To investigate whether DMSO content and concentration would influence multimer formation and/or aggregation, labeling was performed at three different concentrations (1, 0.5 and 0.1 mg/mL) and at three different DMSO percentages (50, 25 and 10%). The results of this investigation are displayed in Figure 7. It shows that multimer formation increased upon increasing concentration independent of the DMSO content (compare for example lanes 2, 5, and 8 in Figure 7B). Also the DMSO content does influence dimer formation, which can be observed by comparing lanes 8 to 10 in Figure 7B. At 1 mg/mL and 50% DMSO content (lane 8), almost no 147CalB-N3 was observed, and only dimer and trimer were detected. When ligation was performed with either 25 or 10% DMSO at identical concentration, the main signal corresponded to fluorescein-labeled 147CalB-N3.

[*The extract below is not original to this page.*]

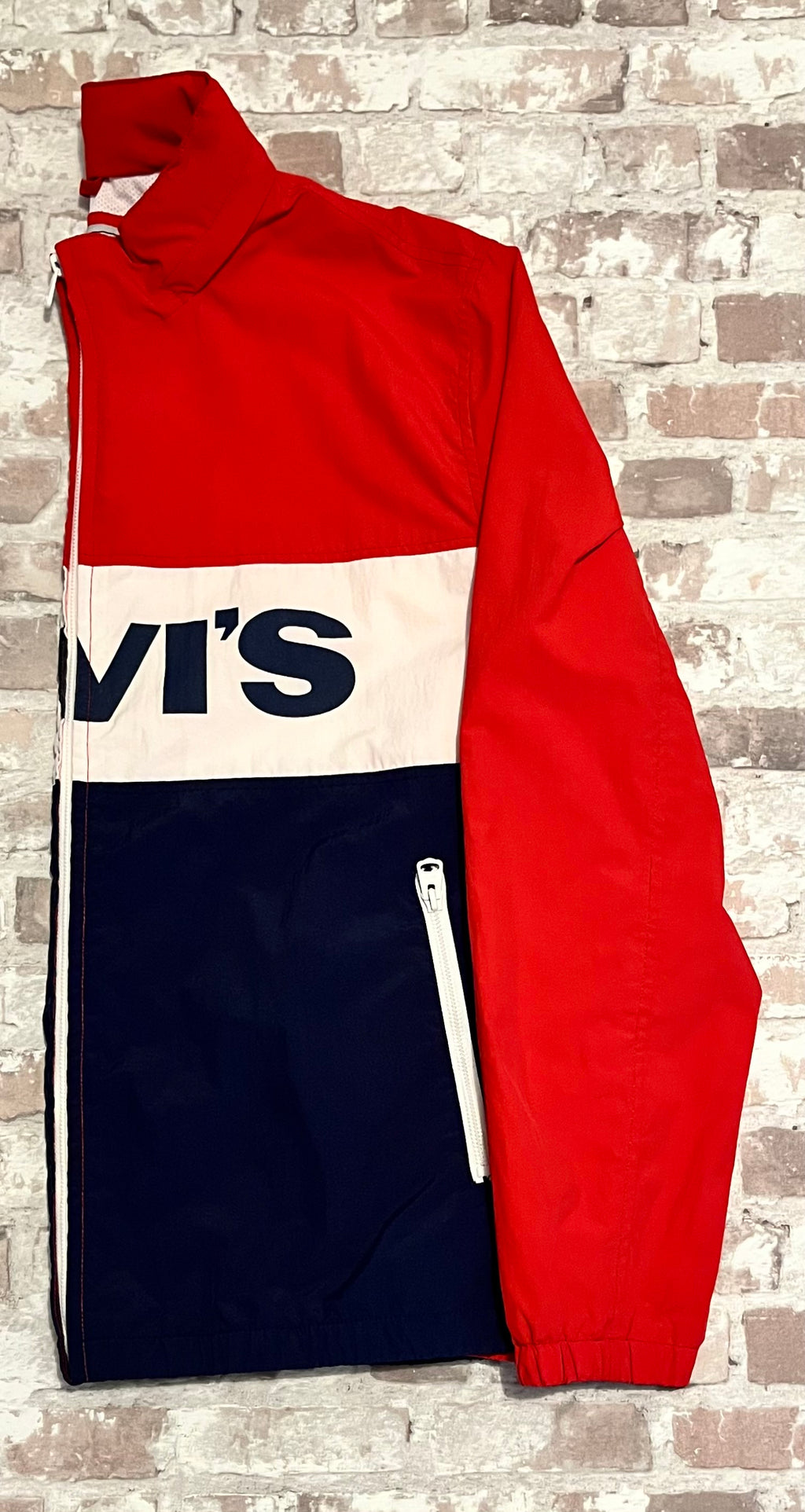 Vue de profil d'une veste de sport rétro Levi's avec col montant et détails de zips blancs contrastés, présentée à plat.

Figure 7. SDS-PAGE gel analysis of 147CalB-N3 labeled with 20 equiv of 1, followed by 50 equiv

N3-fluorescein at different concentrations and varying DMSO percentages, visualized by

fluorescence imaging (A) and coomassie staining (B). Lane 1: 147CalB-N3; Lane 2: 0.1 mg/mL,

50% DMSO; Lane 3: 0.1 mg/mL, 25% DMSO; Lane 4: 0.1 mg/mL, 10% DMSO; Lane 5: 0.5 mg/mL, 50% DMSO; Lane 6: 0.5 mg/mL, 25% DMSO; Lane 7: 0.5 mg/mL, 10% DMSO; Lane 8: 1 mg/mL, 50% DMSO; Lane 9: 1 mg/mL, 25% DMSO; Lane 10: 1 mg/mL, 10% DMSO.

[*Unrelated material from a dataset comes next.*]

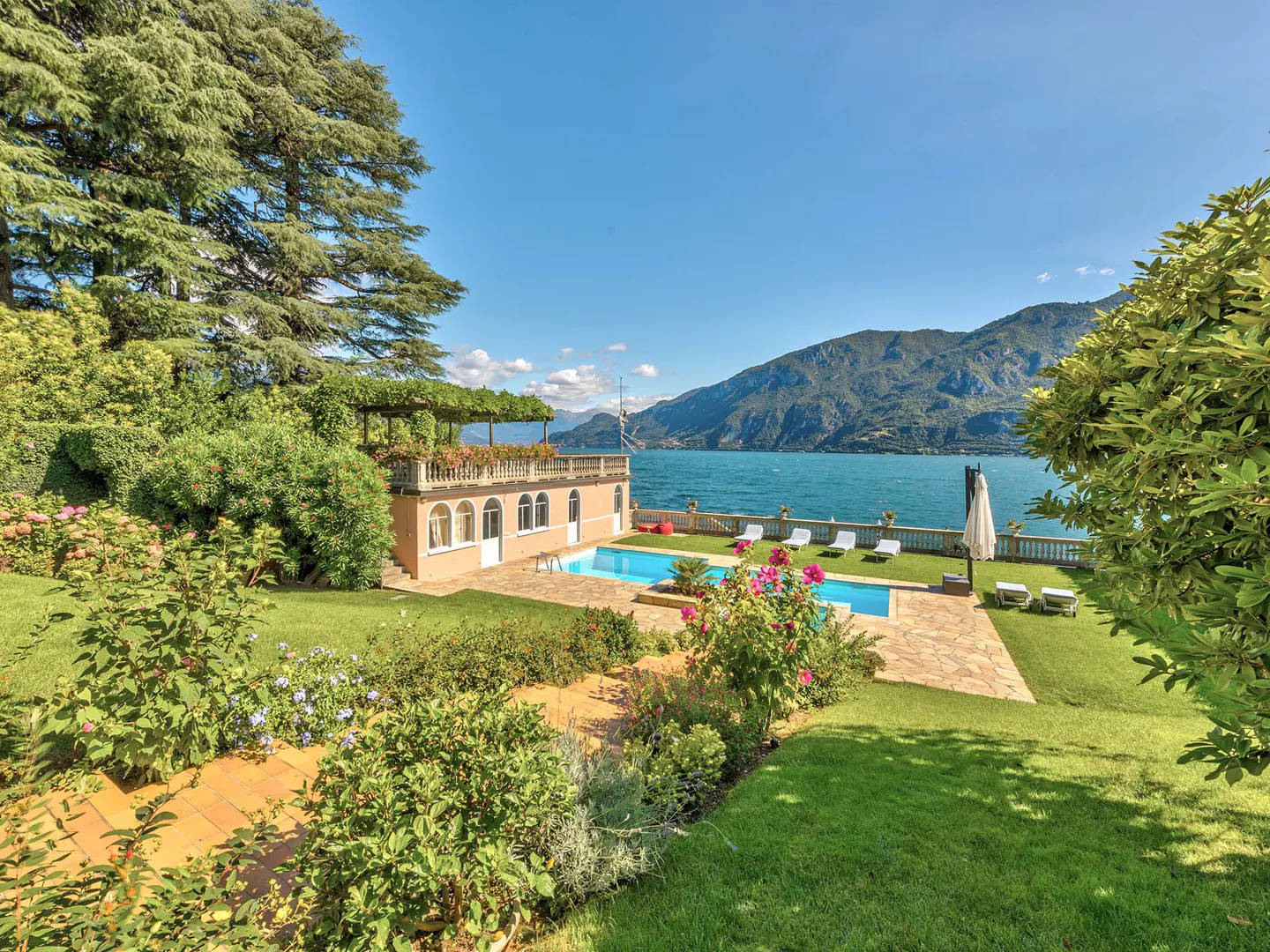 Luxury villa with a pool overlooking a lake and mountains. The villa is peach-colored with a balcony and arched windows. Green lawn and trees surround the property.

Also, fluorescent labeling was influenced by concentration and DMSO content. As can be observed in Figure 7A, with 50% DMSO hardly any protein labeling was observed. A clear fluorescent signal was detected when 25 or 10% of DMSO was

used. The successful and quantitative labeling of 147CalB-N3 with azidofluorescein was confirmed by mass spectrometry (Figure 8), showing mono- and difunctionalized 147CalB-N3 (34996 and 35804 respectively) and 147CalB, containing methionine instead of azidohomoalanine (34213). The occurrence of 147CalB without azide can be explained by incorporation of methionine instead of azidohomoalanine during the production process, which is a common observation using this technique.28

Figure 8. Mass spectrometry analysis of fluorescein-labeled 147CalB-N3 showing the mass of

147CalB without azide (34213), 147CalB-N3 labeled with one fluorescein (34996), and 147CalB-N3

with two fluorescein groups (35804).

6.4 A hybrid catalyst via the dibenzocyclooctadiyne approach:

N

-catalysts

Now that labeling of 147CalB-N3 with DIBODY (1) was shown to be quantitative, the next step was the preparation of an azido-functionalized pincer complex. Amine-functionalized pincer ligand 7 was successfully converted to azide- functionalized pincer ligand 19 via a diazonium salt. However, complexation of 19

with Pd (forming 20) was unsuccessful.